The mob elements aren’t strong, though they are part of the premise: the mob uses time travel to off people without leaving a body trail. While there certainly is a lot of action, it is built around central story elements. If you’re just looking for a string of mindless explosions, this isn’t the place for you. If you can’t wrap your mind around a guy being sent back to be killed by his younger self, you shouldn’t be in the theater.

4. Wait, they play the same guy??

Yes, Joseph Gordon-Levitt plays a younger version of Bruce Willis’s character, Joe (or vice-versa). It took three hours of makeup and some great character building to get Gordon-Levitt to look enough like Willis that the two can sit across a table from each other believably without CG assistance. It works. Move along.

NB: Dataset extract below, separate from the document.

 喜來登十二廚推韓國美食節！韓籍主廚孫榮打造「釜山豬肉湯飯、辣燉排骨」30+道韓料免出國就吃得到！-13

5. How is the time-travel tech?

Looper is about time travel. (OKAY, Looper is about characters and it happens to have some time travel in it.) Do they use a fusion-powered DeLorean? Spinning ring of alien origin? Does Bruce Willis arrive naked? (NO!) According to production designer Ed Verreaux,

“We went for a retro, simplified, down-and-dirty look. The important thing is to get across the idea that the time machine works – beyond that, it’s more important to focus on the narrative of the movie.”

It looks good enough to pass without being over stylized to the point of asking “Wait, what would that part even do?” when you see it. They even put it near a electric sub-station so it has a plausible power supply!

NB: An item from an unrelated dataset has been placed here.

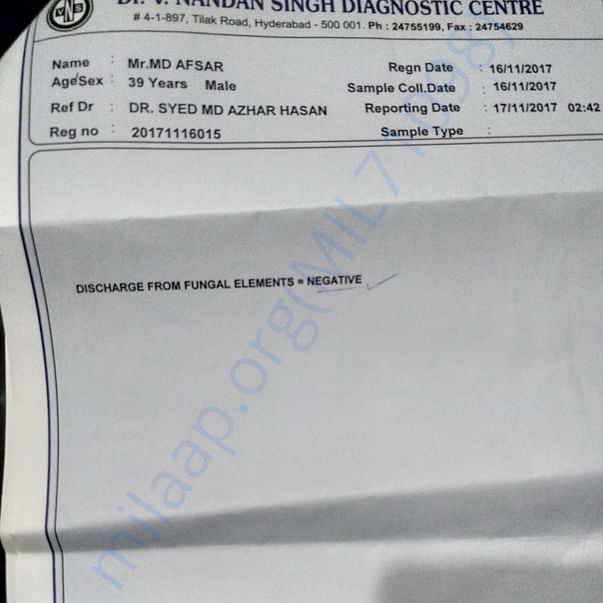 Medical Report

6. Seriously, how is the time travel handled?

I was surprised to see how much they dealt with causality, multiple timelines, and the effect of tampering with the past. It could have just been a special effects gimmick to get the action started, but it wasn’t. It is much more Quantum Leap than Terminator (but having neither a hologram nor cyborg).

7. Any sweet future tech trend we might see copied other places?

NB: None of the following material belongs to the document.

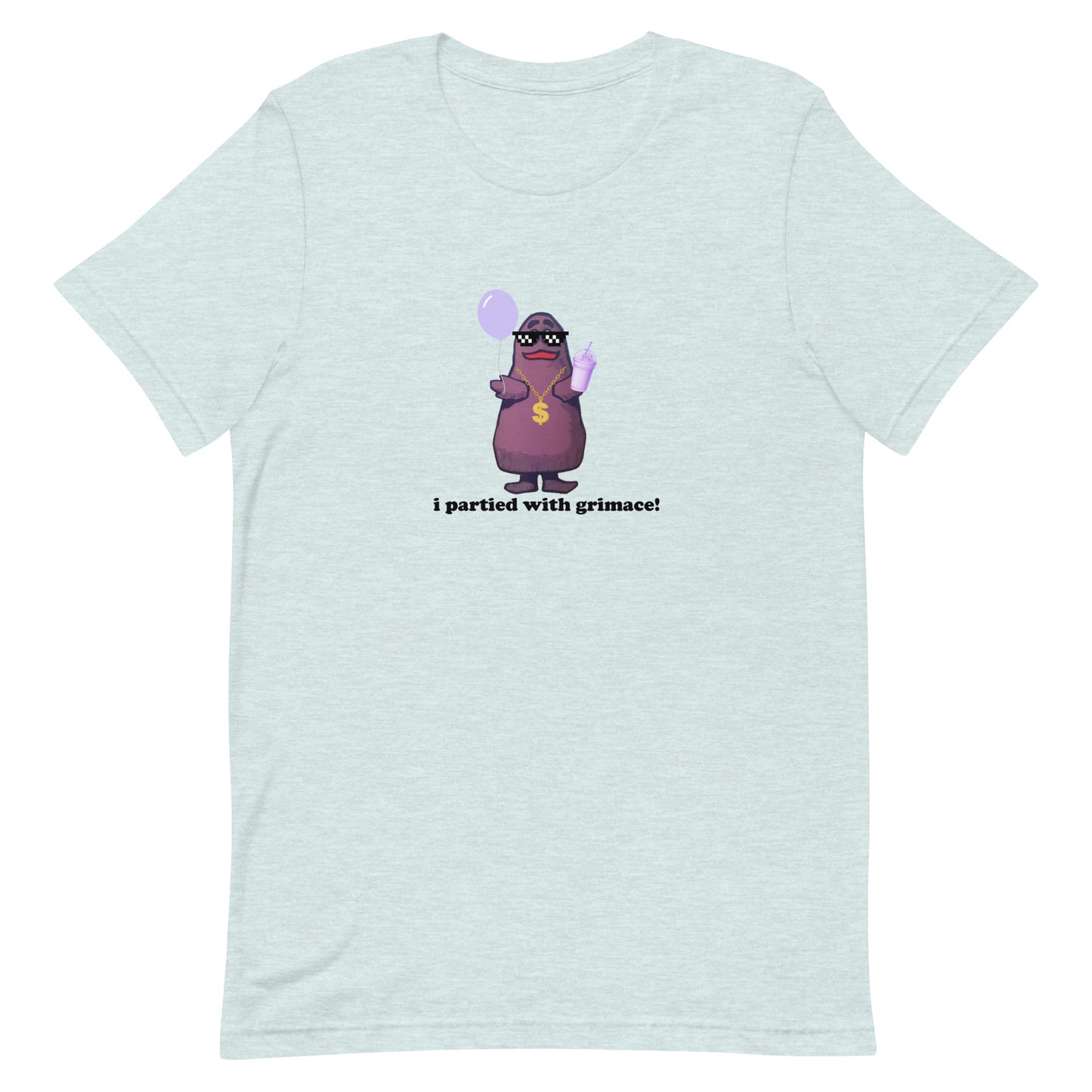 Purple Milkshake t-shirt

Not likely. Most of the tech of the future is recycled or retrofitted tech of the present. Verreaux designed it to look fairly familiar for a reason; “It’s a future where things didn’t go well – the economy fell apart, major manufacturing stopped.” Think Mad Max instead of Tron: Legacy.

Photo credit: Alan Markfield | Copyright 2012, Looper, LLC. All rights reserved. | Used with permission.

8. Nothing awesome in the future? Really??

They do have a completely implausible jet-powered “bike” that gets some use. And there is a rocket-powered crop duster. (YES, I know that is even less plausible than a jet bike.)

While there is some talk of “TK” in the movie, Jean Grey may have given us an unrealistic expectation for telekinesis. It would be dangerous to have a population that could do more than neat bar tricks anyways, right?

9. What is the geekiest moment in the movie?

After insisting he’s not going to discuss time travel, old Joe (Bruce Willis) explains shifts in his memory: the 30 years between now (movie timeline present day) and when he is sent back in time are becoming fuzzy. His memory is a potential space of all the possible futures he might have lived now that he’s disrupted the timeline. As soon as something happens to the younger “Joe” he can remember it, but details of future events are a blur.

10. Should you see it?

Yes. While Looper isn’t part of a larger universe or the result of a billion-dollar CGI budget, it is a good movie. It feels like a short sci-fi story brought to life. You won’t be forming fan clubs for characters any time soon, but I’ll bet you’d stop and watch it again if you flipped past it on TV next year. I would.

Looper opens today in theaters, and is rated ‘R’ for strong violence, language, some sexuality/nudity and drug content.